When things started going bad financially for Boyd he left for the Californian gold fields. Then in 1951, he was murdered in the Solomon Islands attempting to return to Australia. He had been to the Solomon Islands before and the crew from his ship got into conflict with the Solomon Islanders. Ben Boyd could not be found and they sent out search parties for him. Searchers killed 25 people in their initial search for Boyd and then whole villages were destroyed at a place now known at Wanderer Bay. They found his skull displayed in one of the villages, so he got to pay for his crimes at least.

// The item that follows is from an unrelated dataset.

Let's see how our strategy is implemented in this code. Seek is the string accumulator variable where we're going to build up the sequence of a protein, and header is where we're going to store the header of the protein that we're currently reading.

Boyd was a tall, good looking and apparently extremely charismatic and there were obviously people in Australia caught up in the romantic notion of the adventurous, entrepreneurial Scottish gentleman. In 1971, the Robert Askin government established the Ben Boyd National Park.
Robert Pond 1842 – ?
Ben Boyd owned a significant fleet of whaling ships. When ships weren’t engaged in whaling they were encouraged to go “black birding” or harvesting sandal wood. These two activities happened around the same area of the Pacific so there was a certain illegal synchronicity about the two activities. In some cases the harvesting of sandalwood was not possible without the use of men kidnapped from the south sea isles.
Sandalwood removal must have been a source of some hostility from the inhabitants of places like Vanuatu, because slave labour was used to harvest the trees. They must have made a god awful mess and sandalwood does not regrow. The whole tree, root and all has to be removed to extract the fragrance. I can imagine the inhabitants of these islands, did not think very highly of the marauding shipping crews visiting their shores for their ill gotten gain.

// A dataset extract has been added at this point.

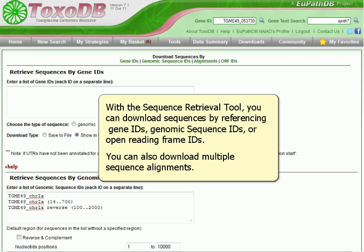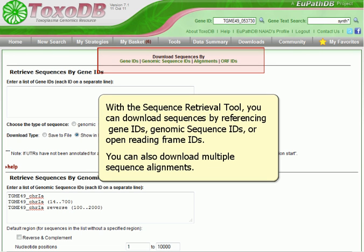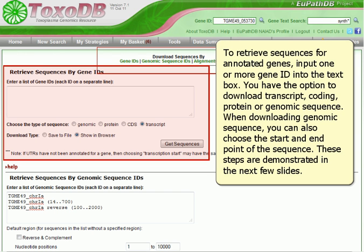With the Sequence Retrieval Tool, you can download sequences by referencing Gene IDs, Genomic Sequence IDs, or Open Reading Frame IDs. You can also download multiple sequence alignments.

The British Sovereign was off the coast of Sandwich Island, (known today at Efate)on the 22nd April when it hit a reef and sunk. The crew including a young boy who had accompanied Captain Jones from Twofold Bay, escaped by rowing boat to the island. A day later they were approached by the inhabitants and Captain Jones was the first killed, the boy being spirited away by one of the older men. Everyone else except the boy and John Jones a crew member escaped with their life.
Captain Nixon of the Clarkstone, came across John Jones who had been looked after by friendly islanders and had heard the story of Robert Pond still living with the inhabitants of the island. Captain Nixon with their help was able to rescue the boy who was very ill, suffering from the “intermittent fever” which was probably malaria.

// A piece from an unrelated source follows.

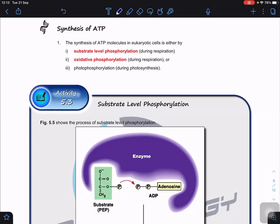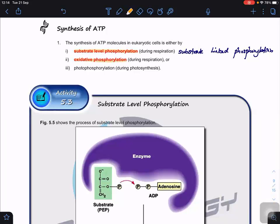In eukaryotic cells, ATP can be synthesized by two processes during respiration: substrate-level phosphorylation (also called substrate-linked phosphorylation) and oxidative phosphorylation. A third process, photophosphorylation, occurs in chloroplasts during photosynthesis and will be covered later. For today's topic, we focus only on substrate-level phosphorylation and oxidative phosphorylation.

And that’s it, I can find no more information. And I consider myself a good researcher. I was able to find a Robert Pond born in NSW in 1842 to a William Pond and Jane Kennedy. That would have made him about 5 years old at the time the British Sovereign sunk. So it well could be the Robert Pond. But I have been unable to find more answers. I don’t know if he survived. I don’t know why he was in the company of a Captain Jones onboard the British Sovereign. Whether he was cabin boy or companion. Slave or passenger. Why he had no parents.
But I will continue to look. I have learnt a lot about the sort of place Australia was at this time.